■ **Raw data**:
● ● ● ●

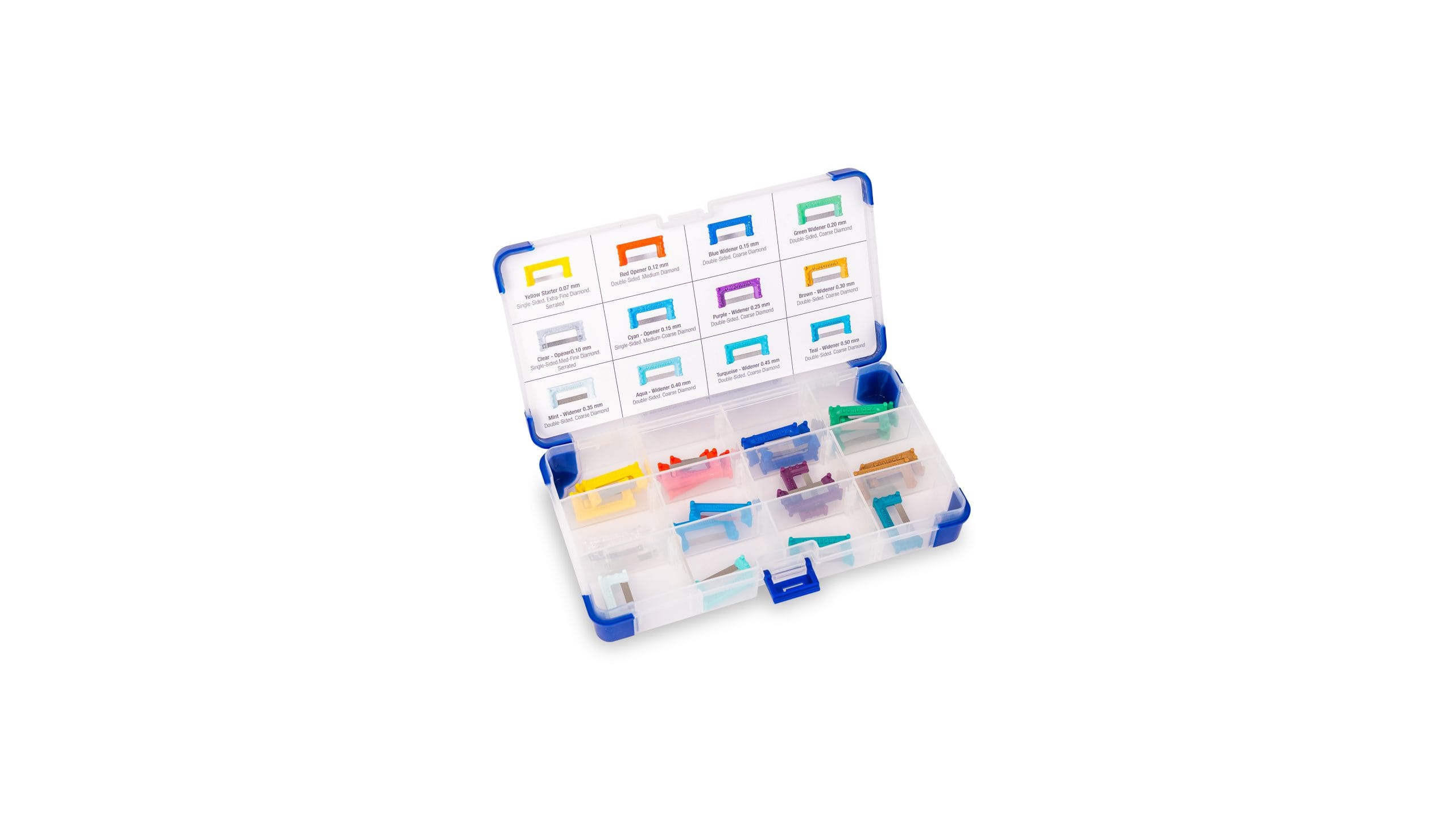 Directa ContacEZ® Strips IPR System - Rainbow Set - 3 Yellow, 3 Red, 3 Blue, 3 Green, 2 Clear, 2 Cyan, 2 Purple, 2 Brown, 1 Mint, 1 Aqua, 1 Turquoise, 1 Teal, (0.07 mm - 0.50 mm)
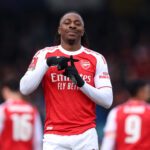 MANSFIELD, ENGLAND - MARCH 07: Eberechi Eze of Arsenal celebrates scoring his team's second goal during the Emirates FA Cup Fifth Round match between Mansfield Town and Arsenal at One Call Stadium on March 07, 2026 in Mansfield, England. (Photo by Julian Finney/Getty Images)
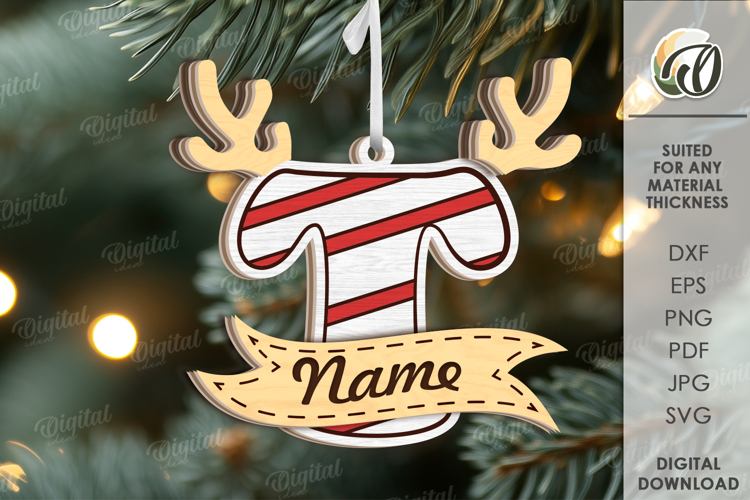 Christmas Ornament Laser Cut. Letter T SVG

● ● ● ●

Retype all of the listing word for word and skip the pictures.

■ **Response to this exercise**:
 Directa ContacEZ® Strips IPR System - Rainbow Set - 3 Yellow, 3 Red, 3 Blue, 3 Green, 2 Clear, 2 Cyan, 2 Purple, 2 Brown, 1 Mint, 1 Aqua, 1 Turquoise, 1 Teal, (0.07 mm - 0.50 mm)
 MANSFIELD, ENGLAND - MARCH 07: Eberechi Eze of Arsenal celebrates scoring his team's second goal during the Emirates FA Cup Fifth Round match between Mansfield Town and Arsenal at One Call Stadium on March 07, 2026 in Mansfield, England. (Photo by Julian Finney/Getty Images)
 Christmas Ornament Laser Cut. Letter T SVG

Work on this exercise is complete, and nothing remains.